Please take the lines from the one holding "Purple_Jacquard_Silk_Saree" through the one holding "4593-803 PATCH.AMERICANO SNOW" in the data below and copy them exactly.

## Material for the task
..............................
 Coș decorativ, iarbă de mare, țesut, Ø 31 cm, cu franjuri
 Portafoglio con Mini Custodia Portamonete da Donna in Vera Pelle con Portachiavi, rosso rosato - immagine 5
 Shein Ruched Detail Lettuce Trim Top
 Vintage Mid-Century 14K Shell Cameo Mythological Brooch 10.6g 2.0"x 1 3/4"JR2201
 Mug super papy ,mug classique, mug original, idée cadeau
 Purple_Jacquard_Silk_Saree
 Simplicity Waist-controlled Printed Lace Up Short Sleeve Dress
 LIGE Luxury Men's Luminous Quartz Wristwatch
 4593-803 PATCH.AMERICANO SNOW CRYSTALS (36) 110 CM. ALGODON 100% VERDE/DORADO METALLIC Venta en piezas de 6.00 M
..............................
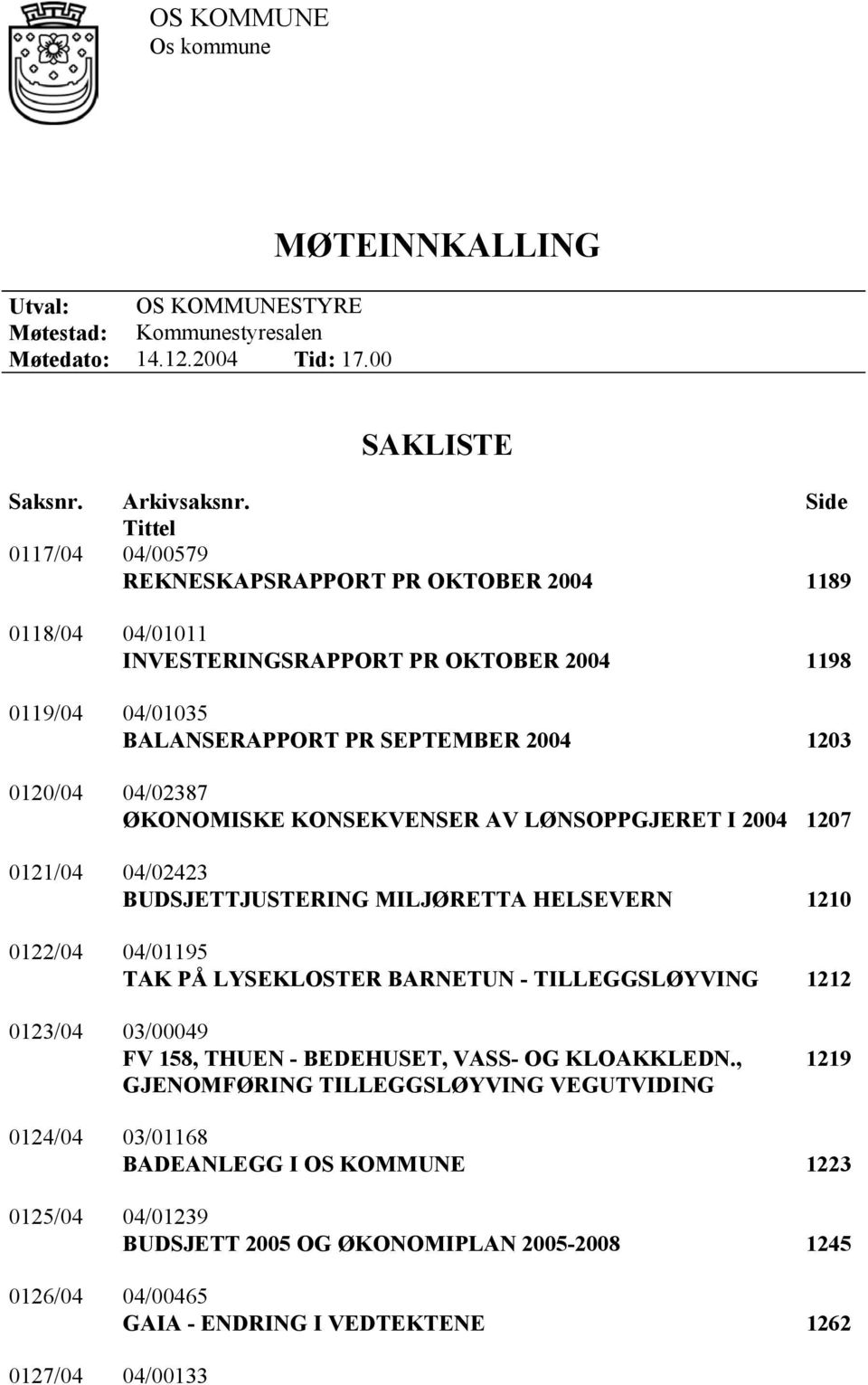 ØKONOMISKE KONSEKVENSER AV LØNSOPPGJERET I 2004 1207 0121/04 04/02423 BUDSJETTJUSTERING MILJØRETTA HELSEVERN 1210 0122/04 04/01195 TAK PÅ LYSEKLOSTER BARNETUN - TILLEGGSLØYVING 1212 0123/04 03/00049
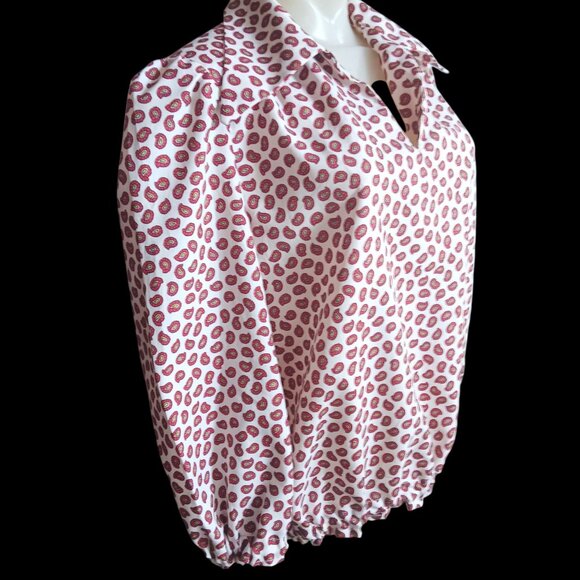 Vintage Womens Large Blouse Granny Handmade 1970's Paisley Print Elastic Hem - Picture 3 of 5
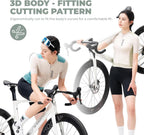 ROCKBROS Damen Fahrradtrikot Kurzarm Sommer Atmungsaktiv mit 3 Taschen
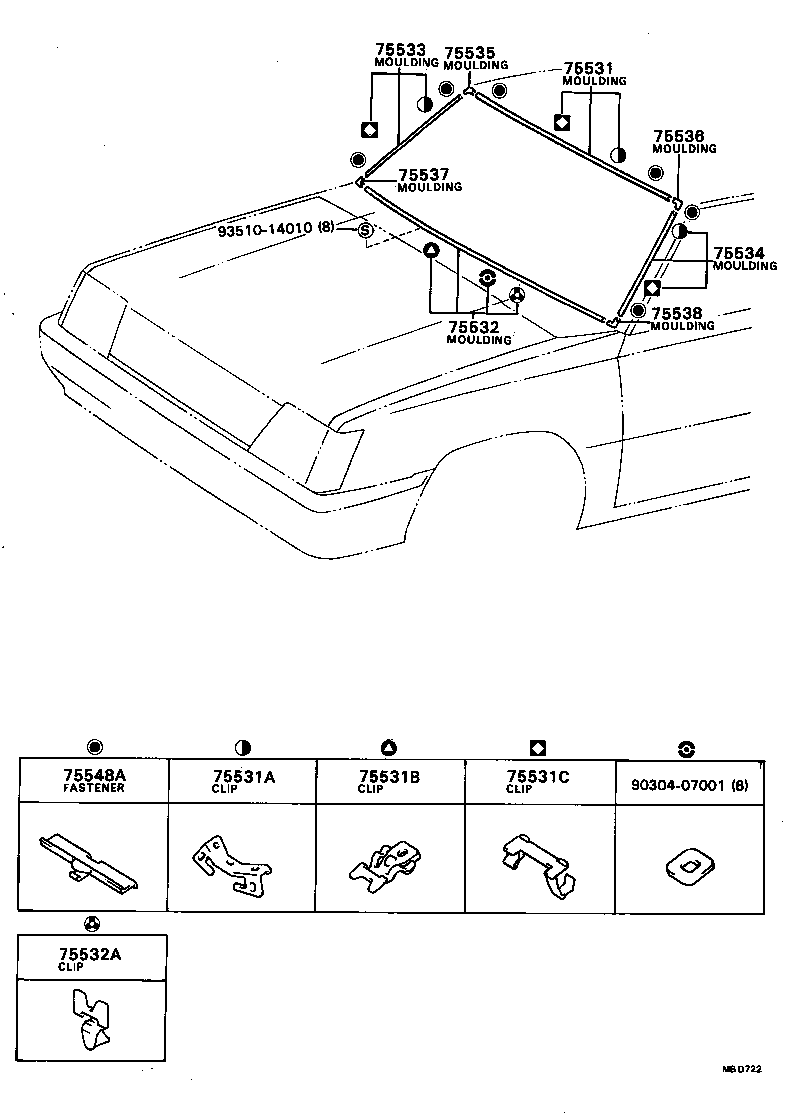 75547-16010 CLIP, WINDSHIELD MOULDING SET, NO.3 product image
..............................
## Response below
 Purple_Jacquard_Silk_Saree
 Simplicity Waist-controlled Printed Lace Up Short Sleeve Dress
 LIGE Luxury Men's Luminous Quartz Wristwatch
 4593-803 PATCH.AMERICANO SNOW CRYSTALS (36) 110 CM. ALGODON 100% VERDE/DORADO METALLIC Venta en piezas de 6.00 M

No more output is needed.